[What you need to do]
From the first line of the records below, transcribe each line exactly up to and including the one with "So I'm going"; pictures stay out.

[Collected data]

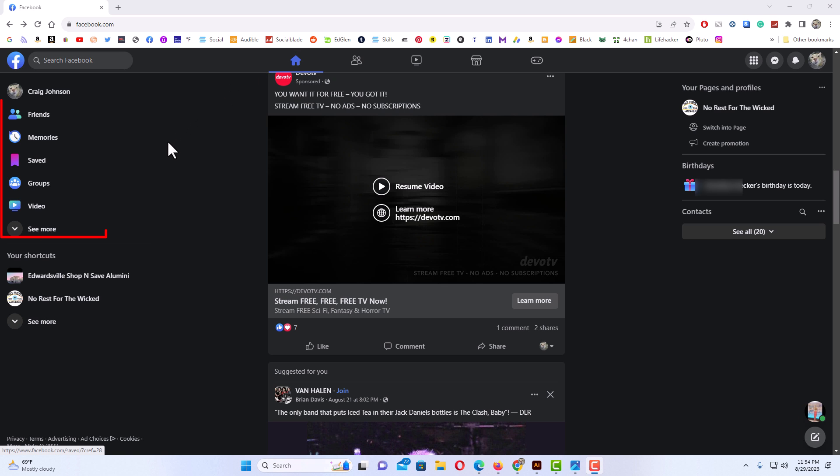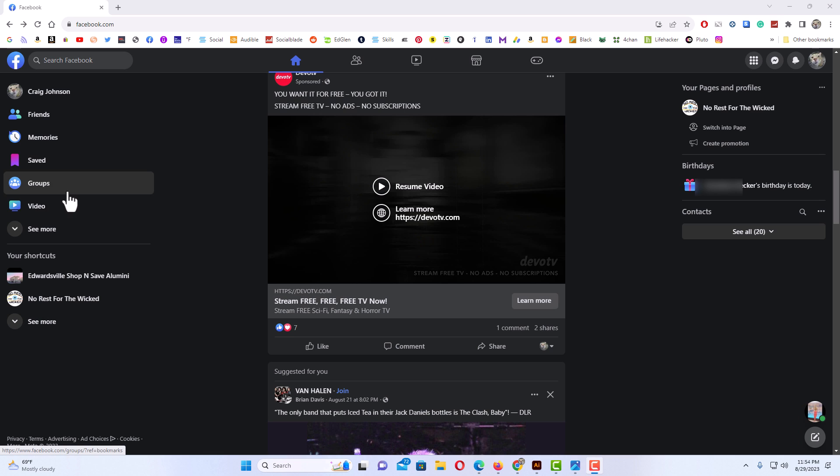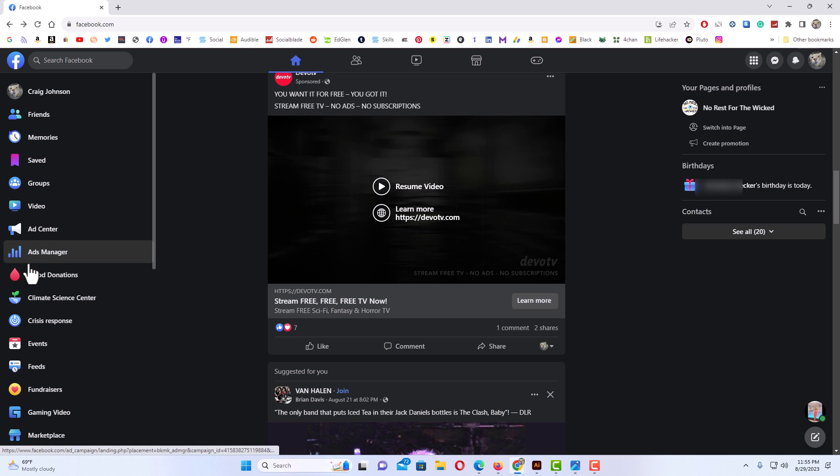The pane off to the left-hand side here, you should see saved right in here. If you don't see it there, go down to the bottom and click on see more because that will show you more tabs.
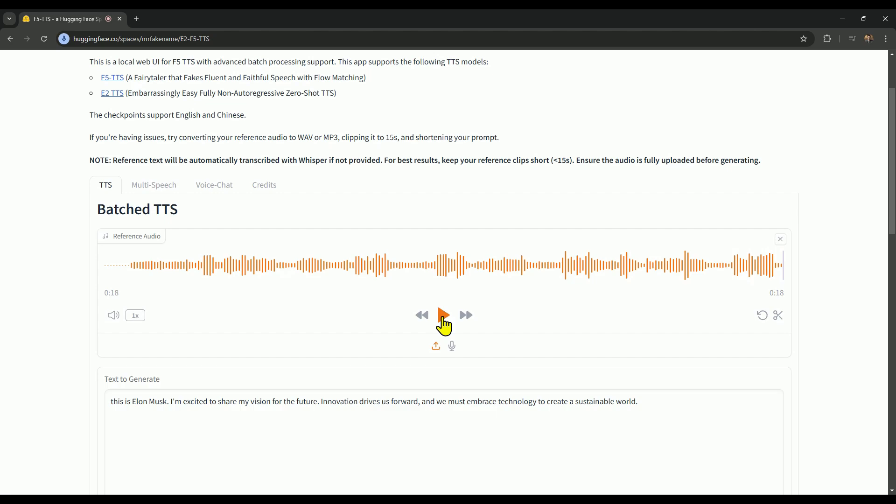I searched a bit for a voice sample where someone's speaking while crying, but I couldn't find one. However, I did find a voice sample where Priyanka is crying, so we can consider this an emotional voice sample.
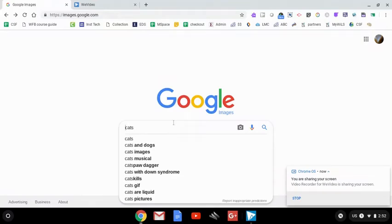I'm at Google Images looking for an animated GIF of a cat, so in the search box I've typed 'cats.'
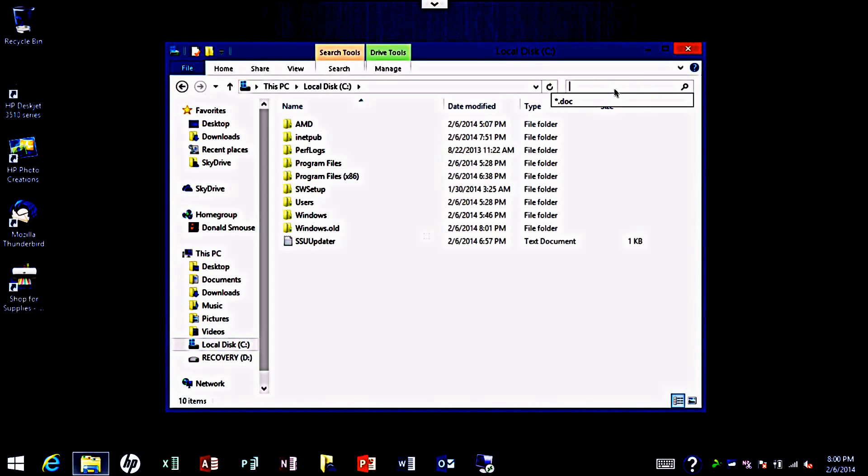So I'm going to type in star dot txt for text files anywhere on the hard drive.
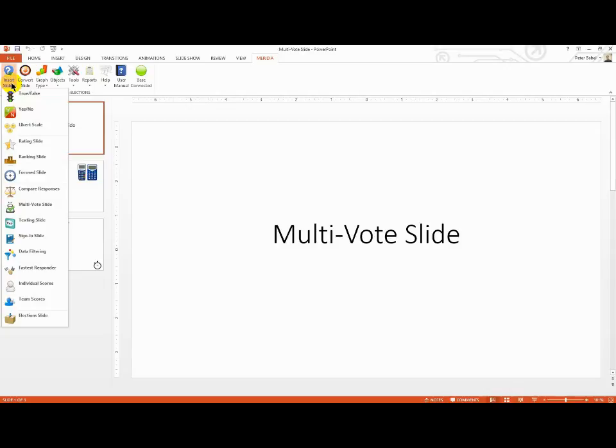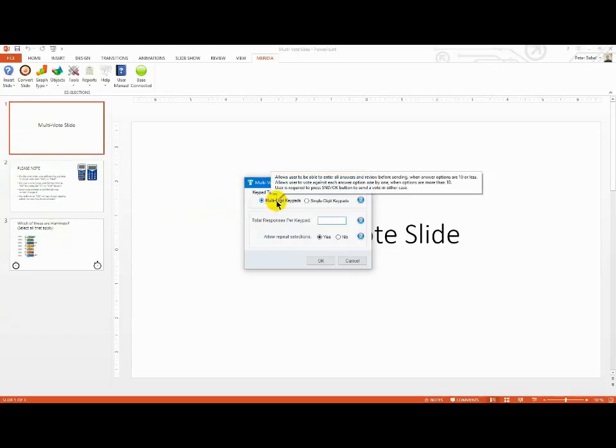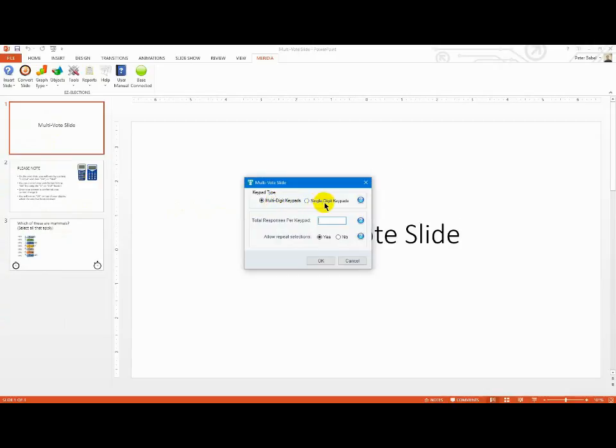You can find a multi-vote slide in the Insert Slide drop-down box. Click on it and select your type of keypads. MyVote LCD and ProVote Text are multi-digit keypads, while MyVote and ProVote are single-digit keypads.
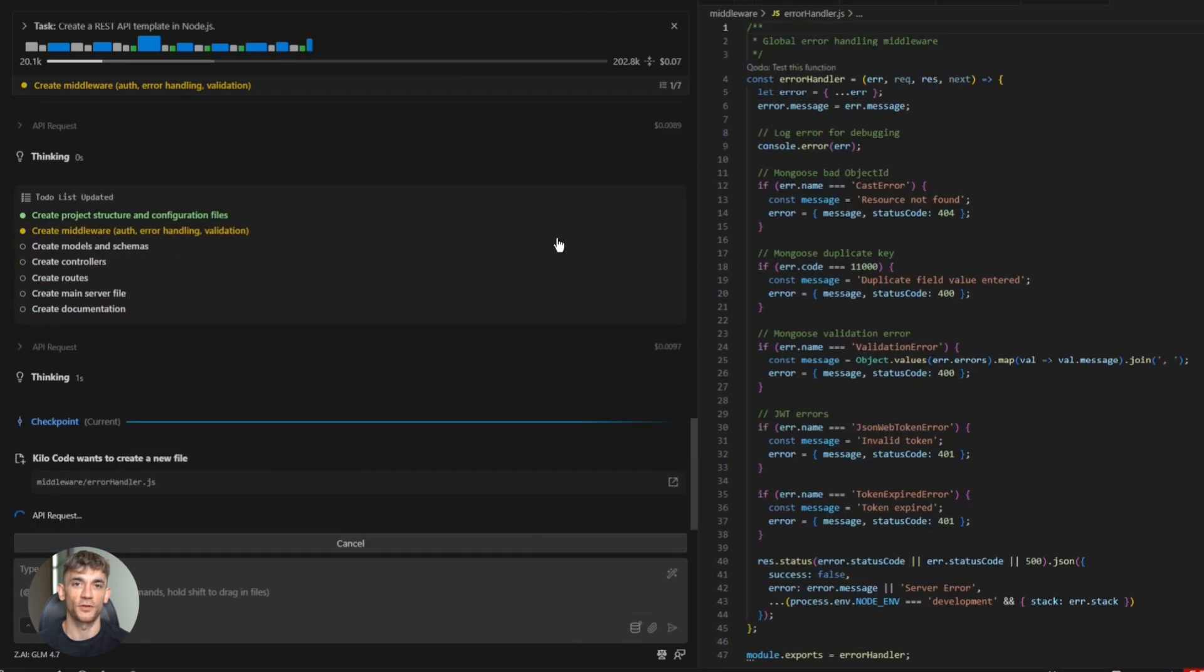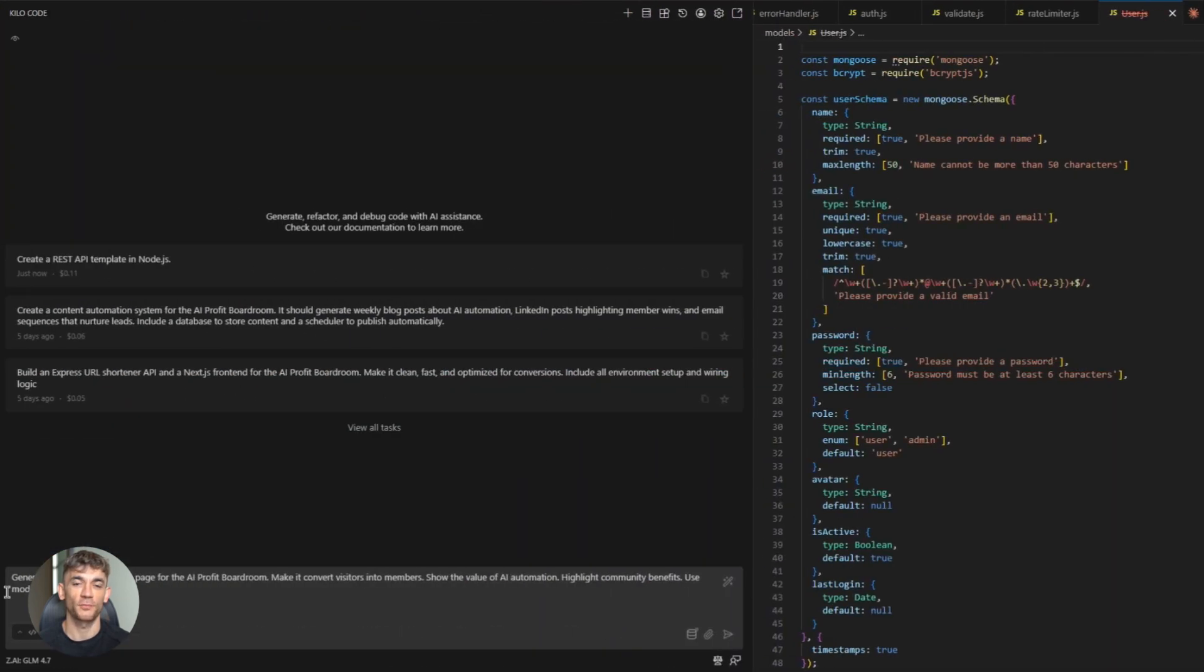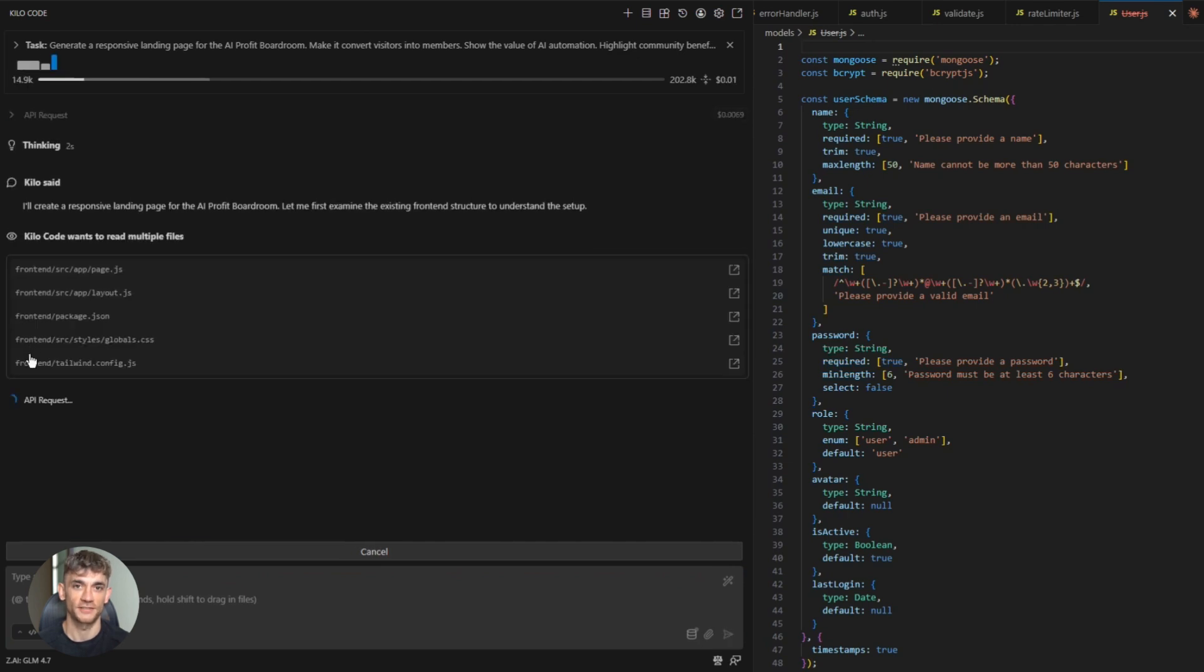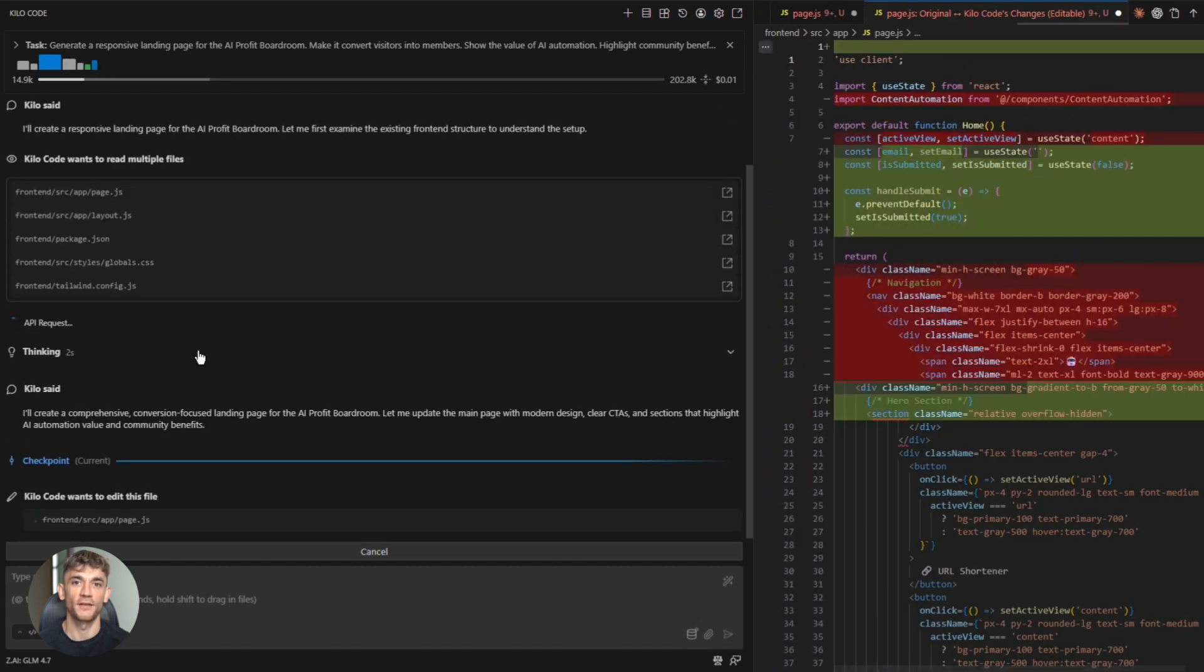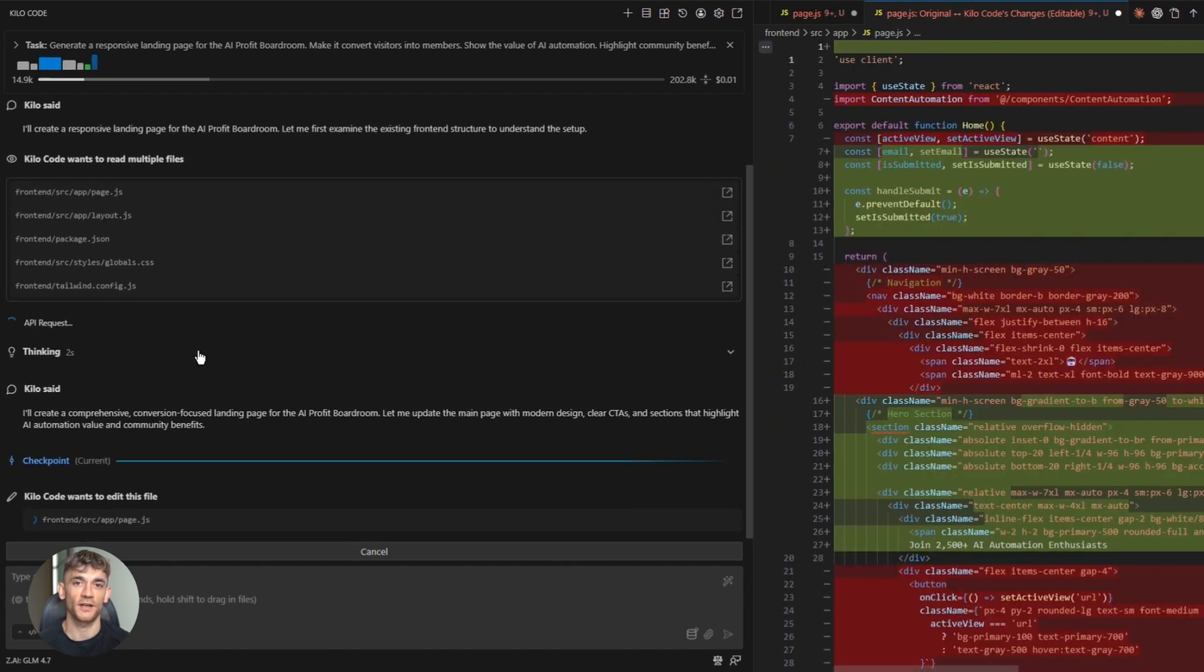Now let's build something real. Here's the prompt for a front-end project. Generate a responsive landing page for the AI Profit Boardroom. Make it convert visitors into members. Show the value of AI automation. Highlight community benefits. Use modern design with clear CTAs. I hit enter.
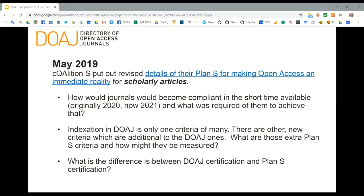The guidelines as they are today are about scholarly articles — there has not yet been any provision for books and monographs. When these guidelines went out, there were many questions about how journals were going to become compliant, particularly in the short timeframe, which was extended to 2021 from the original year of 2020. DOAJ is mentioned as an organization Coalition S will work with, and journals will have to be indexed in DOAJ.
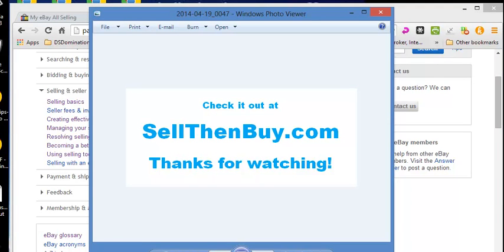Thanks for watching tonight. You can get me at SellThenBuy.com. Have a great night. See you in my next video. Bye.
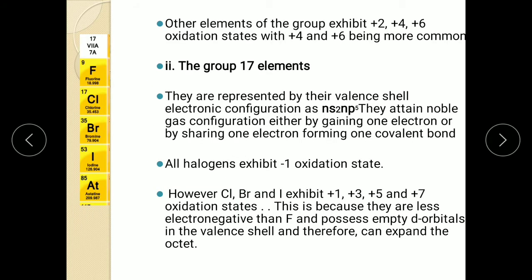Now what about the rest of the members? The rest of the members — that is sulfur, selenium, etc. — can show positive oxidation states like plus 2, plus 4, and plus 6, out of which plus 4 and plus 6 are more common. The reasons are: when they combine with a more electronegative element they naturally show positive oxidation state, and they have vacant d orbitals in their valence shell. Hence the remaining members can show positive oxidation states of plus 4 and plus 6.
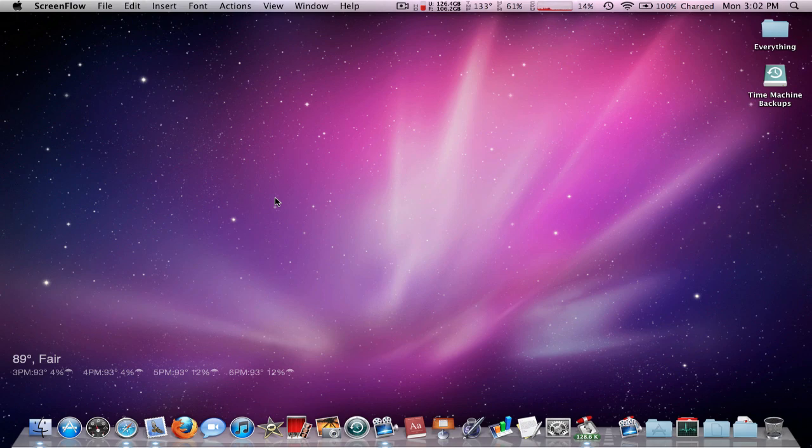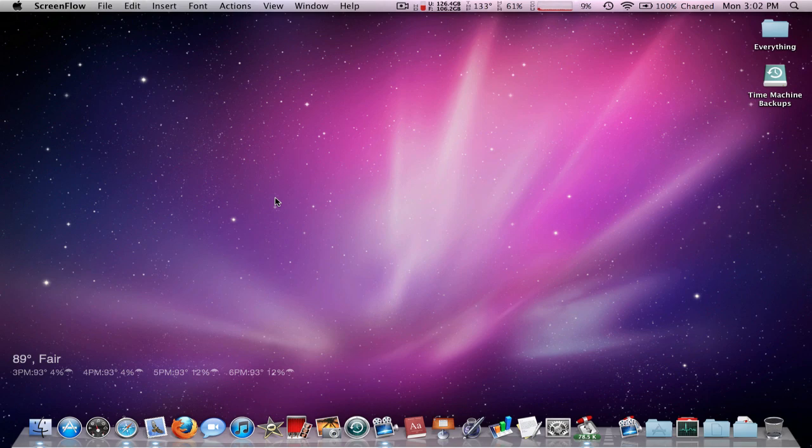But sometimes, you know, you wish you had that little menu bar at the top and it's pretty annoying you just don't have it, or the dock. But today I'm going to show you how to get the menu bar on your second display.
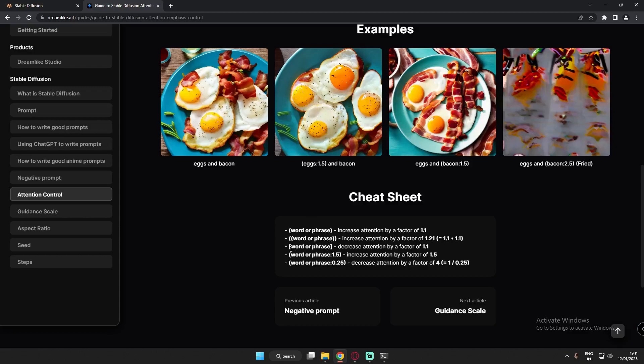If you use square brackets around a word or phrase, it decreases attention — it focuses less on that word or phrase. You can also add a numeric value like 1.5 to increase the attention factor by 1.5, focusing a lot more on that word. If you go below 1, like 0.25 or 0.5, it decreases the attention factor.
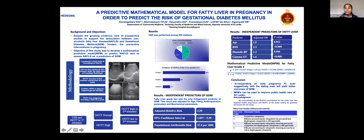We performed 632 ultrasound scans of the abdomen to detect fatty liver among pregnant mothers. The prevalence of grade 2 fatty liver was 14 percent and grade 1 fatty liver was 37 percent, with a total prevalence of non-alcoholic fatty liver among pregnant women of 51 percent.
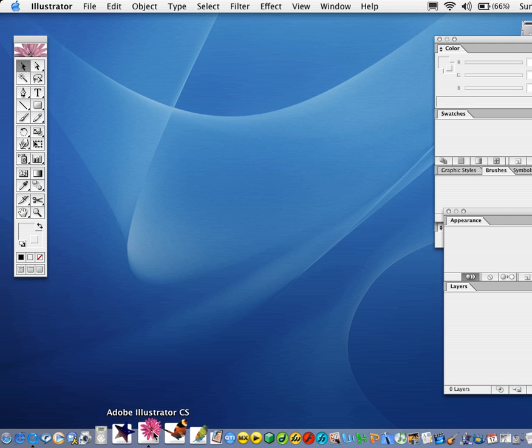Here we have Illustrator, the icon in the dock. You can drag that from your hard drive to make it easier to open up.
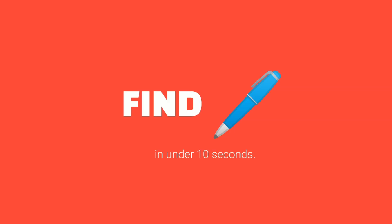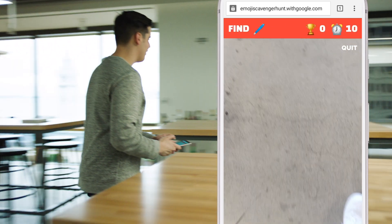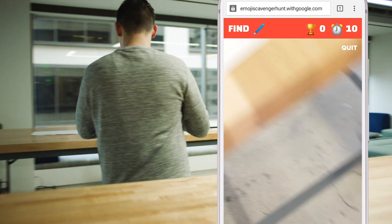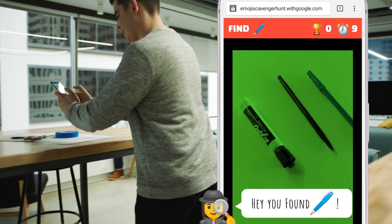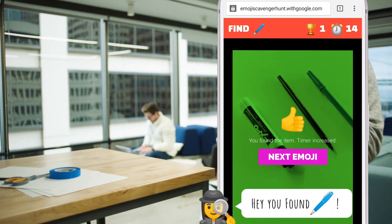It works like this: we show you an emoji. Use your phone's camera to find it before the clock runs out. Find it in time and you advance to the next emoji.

[Response to the exercise]
The pane off to the left-hand side here, you should see saved right in here. If you don't see it there, go down to the bottom and click on see more because that will show you more tabs.
I searched a bit for a voice sample where someone's speaking while crying, but I couldn't find one. However, I did find a voice sample where Priyanka is crying, so we can consider this an emotional voice sample.
I'm at Google Images looking for an animated GIF of a cat, so in the search box I've typed 'cats.'
So I'm going to type in star dot txt for text files anywhere on the hard drive.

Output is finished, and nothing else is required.